## EXERCISE DATA
==*==

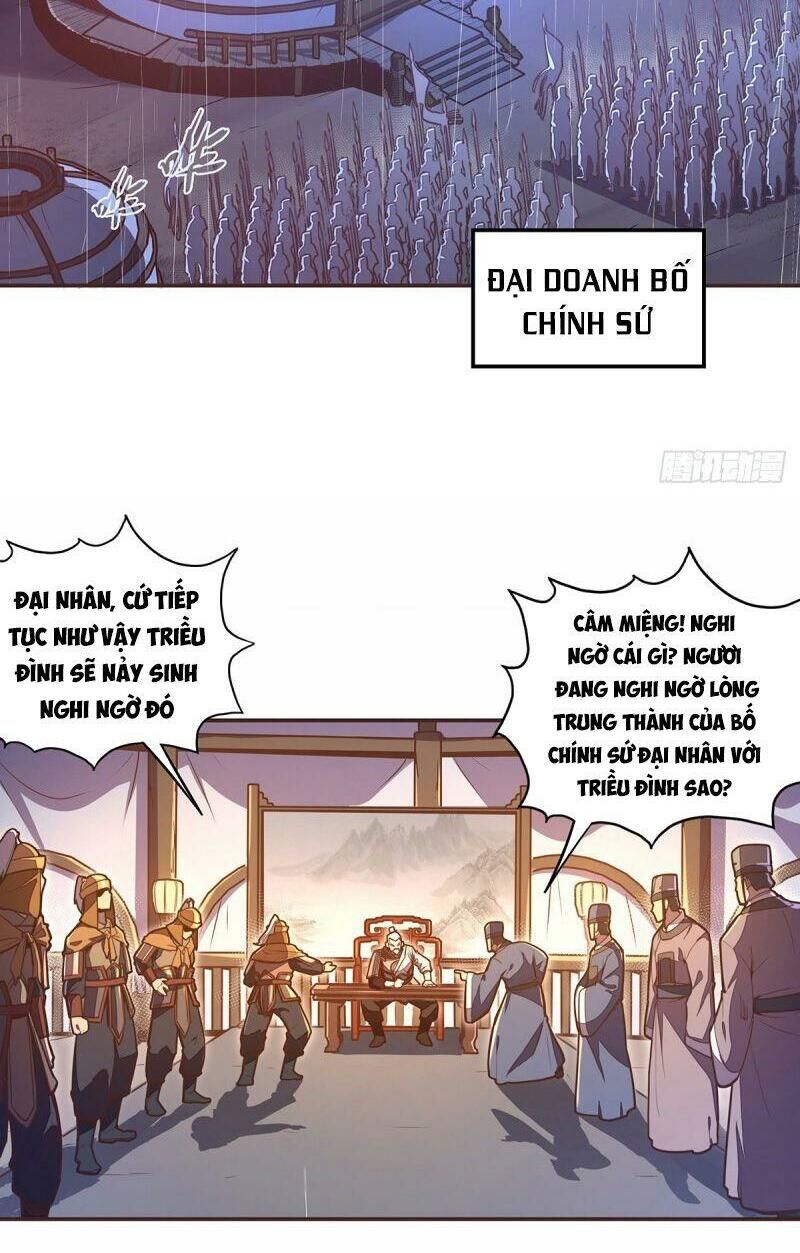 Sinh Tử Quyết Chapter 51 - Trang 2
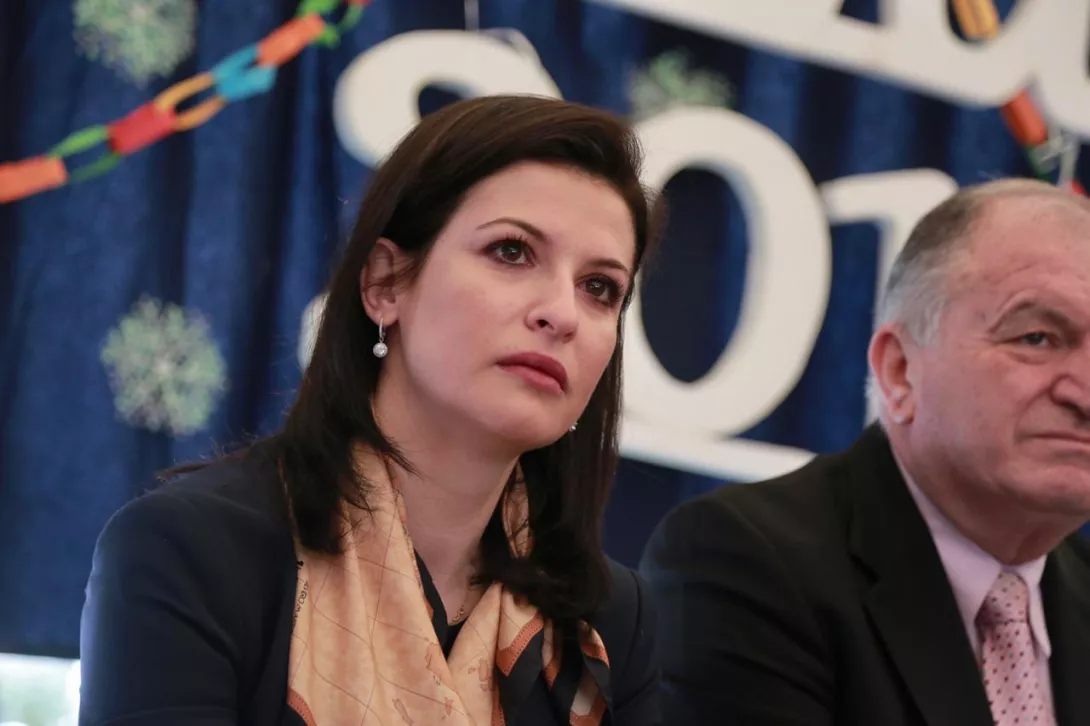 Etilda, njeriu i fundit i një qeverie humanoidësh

==*==

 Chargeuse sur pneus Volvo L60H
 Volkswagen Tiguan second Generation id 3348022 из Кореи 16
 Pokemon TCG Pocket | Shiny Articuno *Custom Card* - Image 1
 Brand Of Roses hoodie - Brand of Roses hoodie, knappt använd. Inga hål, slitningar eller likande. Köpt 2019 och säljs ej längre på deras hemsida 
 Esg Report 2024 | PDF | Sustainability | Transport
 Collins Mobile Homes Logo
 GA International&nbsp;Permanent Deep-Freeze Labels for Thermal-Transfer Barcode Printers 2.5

==*==

## WHAT THIS TASK INVOLVES
In the listing above, the required lines run from the line with "Sinh Tử Quyết Chapter 51 - Trang 2" through the line with "Etilda, njeriu i". Output exactly those lines, omitting pictures.

## ANSWER TO THIS EXERCISE
 Sinh Tử Quyết Chapter 51 - Trang 2
 Etilda, njeriu i fundit i një qeverie humanoidësh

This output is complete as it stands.